XL and Catlin “both believe that we will be far better positioned and stronger together,” XL CEO Michael McGavick said in a statement. “We see this transaction as deeply accelerating the strategies of both companies.”

Catlin manages the largest Lloyd's of London syndicate, with a capacity of £1.43 billion, and would become larger with the merger of XL's syndicate, with a capacity of £300 million at year-end 2013.

The combined company would also “be a leader in the global specialty and property cat markets,” according to Mr. McGavick.

While XL is larger overall, with 2013 gross premiums of $7.4 billion versus Catlin's $5.3 billion, the companies' reinsurance units are similarly sized at $1.9 billion each and combined would be among the world's 10 largest reinsurers, XL said.

“It clearly will be a business with a lot more scale,” Ben Cohen, an analyst with Canaccord Genuity Ltd. in London said of the reinsurance operations. “The size difference between the two is not so large that Catlin will be swamped in the combined organization.”

With Catlin's largest geographical business segment in London—accounting for $2.5 billion, or nearly half, of its 2013 premium volume—the insurer has also expanded in the United States, Europe and Asia in recent years. Its U.S. business, though, at $1.2 billion in 2013 gross premiums, is less than half XL's U.S. volume, according to the companies' financial reports.

Mr. McGavick cited “the deep cultural and strategic alignment we see between XL and Catlin, with both built on disciplined underwriting.”

Some market observers, though, express caution about the proposed deal. “We're not convinced that specialty insurance market leadership translates into improved underwriting results, other than modest expense synergies that take time to emerge,” analysts with Baltimore-based Keefe, Bruyette & Woods said in a research note downgrading XL's stock.

And while “size and line-of-business diversification increasingly matter in reinsurance, (they are) much less important than underwriting discipline in primary insurance,” KBW analysts said.

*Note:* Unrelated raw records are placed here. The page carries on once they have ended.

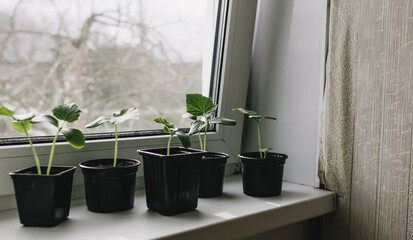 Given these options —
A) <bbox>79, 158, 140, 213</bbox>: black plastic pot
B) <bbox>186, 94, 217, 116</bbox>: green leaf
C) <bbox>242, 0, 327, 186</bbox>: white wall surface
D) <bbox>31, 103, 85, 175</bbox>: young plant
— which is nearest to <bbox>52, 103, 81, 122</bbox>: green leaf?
<bbox>31, 103, 85, 175</bbox>: young plant

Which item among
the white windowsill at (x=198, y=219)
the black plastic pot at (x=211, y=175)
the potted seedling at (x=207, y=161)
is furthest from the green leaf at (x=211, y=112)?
the white windowsill at (x=198, y=219)

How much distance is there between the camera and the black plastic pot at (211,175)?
938 millimetres

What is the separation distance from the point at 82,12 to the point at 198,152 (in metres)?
0.45

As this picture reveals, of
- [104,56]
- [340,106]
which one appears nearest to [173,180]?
[104,56]

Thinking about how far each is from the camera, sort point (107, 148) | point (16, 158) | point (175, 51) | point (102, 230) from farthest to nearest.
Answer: point (175, 51) < point (107, 148) < point (16, 158) < point (102, 230)

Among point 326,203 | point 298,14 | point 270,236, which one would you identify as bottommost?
point 270,236

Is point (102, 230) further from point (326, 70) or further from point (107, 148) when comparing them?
point (326, 70)

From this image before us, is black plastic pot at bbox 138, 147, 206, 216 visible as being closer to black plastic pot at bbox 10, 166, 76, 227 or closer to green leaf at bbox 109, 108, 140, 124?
green leaf at bbox 109, 108, 140, 124

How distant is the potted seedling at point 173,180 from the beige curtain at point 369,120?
0.41 meters

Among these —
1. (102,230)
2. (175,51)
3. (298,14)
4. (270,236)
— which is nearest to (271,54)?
(298,14)

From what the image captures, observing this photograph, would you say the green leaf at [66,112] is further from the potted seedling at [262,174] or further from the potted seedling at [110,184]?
the potted seedling at [262,174]

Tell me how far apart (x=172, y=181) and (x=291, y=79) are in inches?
20.8

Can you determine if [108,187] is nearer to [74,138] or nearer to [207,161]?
[74,138]

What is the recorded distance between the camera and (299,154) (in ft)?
3.56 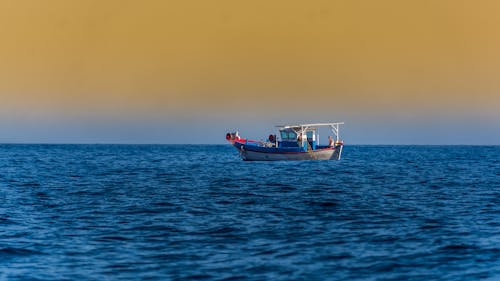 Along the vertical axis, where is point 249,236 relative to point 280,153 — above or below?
below

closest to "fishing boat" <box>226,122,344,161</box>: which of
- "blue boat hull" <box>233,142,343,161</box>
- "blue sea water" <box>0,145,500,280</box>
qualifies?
"blue boat hull" <box>233,142,343,161</box>

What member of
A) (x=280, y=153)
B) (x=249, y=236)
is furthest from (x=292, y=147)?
(x=249, y=236)

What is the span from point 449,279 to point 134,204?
68.7 ft

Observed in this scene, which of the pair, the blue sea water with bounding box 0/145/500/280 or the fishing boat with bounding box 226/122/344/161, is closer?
the blue sea water with bounding box 0/145/500/280

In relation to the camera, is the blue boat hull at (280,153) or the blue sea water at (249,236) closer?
the blue sea water at (249,236)

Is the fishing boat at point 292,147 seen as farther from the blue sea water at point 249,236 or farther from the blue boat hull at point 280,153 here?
the blue sea water at point 249,236

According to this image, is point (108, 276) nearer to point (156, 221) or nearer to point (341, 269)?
point (341, 269)

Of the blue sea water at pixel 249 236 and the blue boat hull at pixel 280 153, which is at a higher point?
the blue boat hull at pixel 280 153

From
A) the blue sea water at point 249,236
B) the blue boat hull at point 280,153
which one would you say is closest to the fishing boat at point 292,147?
the blue boat hull at point 280,153

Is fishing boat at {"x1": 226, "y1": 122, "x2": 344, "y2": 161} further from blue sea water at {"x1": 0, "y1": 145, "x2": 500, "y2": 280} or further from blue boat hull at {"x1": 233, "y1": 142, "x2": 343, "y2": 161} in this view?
blue sea water at {"x1": 0, "y1": 145, "x2": 500, "y2": 280}

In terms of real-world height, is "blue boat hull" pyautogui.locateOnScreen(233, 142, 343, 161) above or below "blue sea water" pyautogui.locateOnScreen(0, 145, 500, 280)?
above

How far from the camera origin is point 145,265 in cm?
1650

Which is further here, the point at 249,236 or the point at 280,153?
the point at 280,153

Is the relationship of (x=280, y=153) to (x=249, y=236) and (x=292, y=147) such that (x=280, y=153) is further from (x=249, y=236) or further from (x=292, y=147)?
(x=249, y=236) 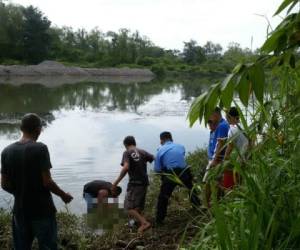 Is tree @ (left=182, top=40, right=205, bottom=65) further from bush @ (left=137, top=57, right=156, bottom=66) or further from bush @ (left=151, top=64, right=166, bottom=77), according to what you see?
bush @ (left=151, top=64, right=166, bottom=77)

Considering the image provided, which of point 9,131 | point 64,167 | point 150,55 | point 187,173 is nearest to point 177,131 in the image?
point 9,131

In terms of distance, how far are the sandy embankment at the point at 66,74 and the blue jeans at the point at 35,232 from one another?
56.1 meters

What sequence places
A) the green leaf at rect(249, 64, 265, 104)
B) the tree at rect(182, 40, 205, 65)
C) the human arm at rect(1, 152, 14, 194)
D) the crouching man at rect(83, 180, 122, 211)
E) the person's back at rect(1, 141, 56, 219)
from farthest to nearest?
the tree at rect(182, 40, 205, 65) < the crouching man at rect(83, 180, 122, 211) < the human arm at rect(1, 152, 14, 194) < the person's back at rect(1, 141, 56, 219) < the green leaf at rect(249, 64, 265, 104)

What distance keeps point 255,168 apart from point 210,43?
4242 inches

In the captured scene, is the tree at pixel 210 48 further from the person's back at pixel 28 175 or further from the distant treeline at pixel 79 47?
the person's back at pixel 28 175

“The obvious challenge will be in keeping—let alone enhancing—the value that has built up in Catlin's franchise,” Mr. Shipperlee said. “(XL's) much bigger balance sheet helps, but it is often the soft factors that differentiate in Catlin's markets and that can be much more difficult to maintain post an acquisition.” Such “soft factors,” he said, include underwriting culture, willingness to innovate, claims handling and speed of decision-making.

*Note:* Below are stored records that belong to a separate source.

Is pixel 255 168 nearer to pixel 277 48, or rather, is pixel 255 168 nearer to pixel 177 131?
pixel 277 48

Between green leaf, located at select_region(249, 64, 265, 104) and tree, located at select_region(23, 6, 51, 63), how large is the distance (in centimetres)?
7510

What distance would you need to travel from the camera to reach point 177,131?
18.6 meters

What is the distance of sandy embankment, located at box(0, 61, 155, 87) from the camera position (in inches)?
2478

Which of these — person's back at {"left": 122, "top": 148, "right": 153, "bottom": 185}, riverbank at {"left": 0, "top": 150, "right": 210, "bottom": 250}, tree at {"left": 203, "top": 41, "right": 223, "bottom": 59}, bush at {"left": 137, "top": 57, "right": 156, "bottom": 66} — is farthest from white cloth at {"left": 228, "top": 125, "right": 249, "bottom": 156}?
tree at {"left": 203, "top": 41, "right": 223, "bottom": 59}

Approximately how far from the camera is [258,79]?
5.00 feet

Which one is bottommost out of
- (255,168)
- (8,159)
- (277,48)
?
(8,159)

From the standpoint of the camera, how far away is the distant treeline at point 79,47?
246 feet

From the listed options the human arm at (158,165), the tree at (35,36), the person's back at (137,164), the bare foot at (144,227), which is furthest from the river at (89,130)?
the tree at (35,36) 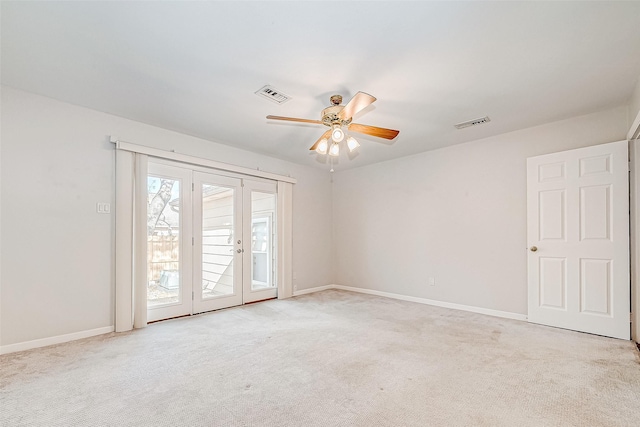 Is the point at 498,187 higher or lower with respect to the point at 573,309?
higher

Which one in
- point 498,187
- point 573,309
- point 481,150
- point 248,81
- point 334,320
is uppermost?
point 248,81

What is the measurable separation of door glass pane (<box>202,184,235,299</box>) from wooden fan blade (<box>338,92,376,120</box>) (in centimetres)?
252

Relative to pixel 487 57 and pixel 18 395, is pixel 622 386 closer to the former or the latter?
pixel 487 57

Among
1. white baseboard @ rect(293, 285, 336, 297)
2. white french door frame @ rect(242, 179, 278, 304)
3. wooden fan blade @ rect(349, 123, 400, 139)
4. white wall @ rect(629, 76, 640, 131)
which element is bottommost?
white baseboard @ rect(293, 285, 336, 297)

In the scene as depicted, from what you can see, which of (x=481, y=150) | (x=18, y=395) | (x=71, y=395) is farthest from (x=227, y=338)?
(x=481, y=150)

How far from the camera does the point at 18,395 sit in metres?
2.07

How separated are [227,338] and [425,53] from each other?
3.30 meters

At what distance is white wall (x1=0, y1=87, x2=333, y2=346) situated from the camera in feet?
9.39

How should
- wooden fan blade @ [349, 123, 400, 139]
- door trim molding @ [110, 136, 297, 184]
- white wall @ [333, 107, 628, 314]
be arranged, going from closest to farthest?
wooden fan blade @ [349, 123, 400, 139], door trim molding @ [110, 136, 297, 184], white wall @ [333, 107, 628, 314]

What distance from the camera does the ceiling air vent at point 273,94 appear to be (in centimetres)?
285

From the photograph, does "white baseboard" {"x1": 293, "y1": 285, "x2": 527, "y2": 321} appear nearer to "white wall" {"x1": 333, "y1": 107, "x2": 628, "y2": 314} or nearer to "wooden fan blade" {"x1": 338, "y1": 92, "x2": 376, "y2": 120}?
"white wall" {"x1": 333, "y1": 107, "x2": 628, "y2": 314}

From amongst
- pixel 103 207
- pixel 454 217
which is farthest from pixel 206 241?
pixel 454 217

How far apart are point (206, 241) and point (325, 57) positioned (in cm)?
308

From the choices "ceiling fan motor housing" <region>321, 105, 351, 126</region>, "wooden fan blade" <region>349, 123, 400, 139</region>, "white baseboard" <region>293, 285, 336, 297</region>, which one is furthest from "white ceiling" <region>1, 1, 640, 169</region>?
"white baseboard" <region>293, 285, 336, 297</region>
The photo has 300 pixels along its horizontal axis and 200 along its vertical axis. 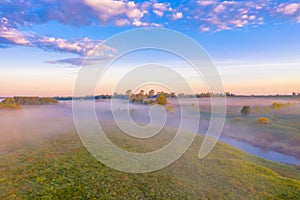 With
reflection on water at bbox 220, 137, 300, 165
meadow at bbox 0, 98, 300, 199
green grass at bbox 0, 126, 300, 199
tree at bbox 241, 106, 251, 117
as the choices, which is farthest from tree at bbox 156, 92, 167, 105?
green grass at bbox 0, 126, 300, 199

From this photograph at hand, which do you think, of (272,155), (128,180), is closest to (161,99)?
(272,155)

Whether or not the XL/Catlin deal proceeds, market observers expect growing numbers of merger and acquisition activity in the coming months.

With stronger balance sheets and more available funding, insurers and reinsurers will be increasingly interested in acquisitions, including international companies looking to acquire Lloyd's operations and Bermuda companies looking to diversify away from property catastrophe business, Mr. Cohen predicted.

Property catastrophe reinsurance rates have fallen significantly over the past year, as reinsurers have experienced minimal significant losses and competition from nontraditional capacity providers through cat bonds and other vehicles has intensified.

Thomas M. Dawson, a partner with Drinker, Biddle & Reath L.L.P. in New York, agreed that diversification will be a prime driver of future deals. He cited the recently announced $1.9 billion acquisition of Platinum Underwriters Holdings Ltd. by RenaissanceRe Holdings Ltd., aimed at expanding RenRe's casualty and specialty business.

Cathy Seifert, an equity analyst with Standard & Poor's Corp. in New York, said acquirers are more likely to target specific segments of another insurer's or reinsurer's business rather than the entire company. She mentioned Ace Ltd.'s pending $365 million purchase of high-net-worth personal lines business of Fireman's Fund Insurance Co.

“It's probably going to be Company A buying a division of Company B, not so much A buying all of B,” Ms. Seifert said.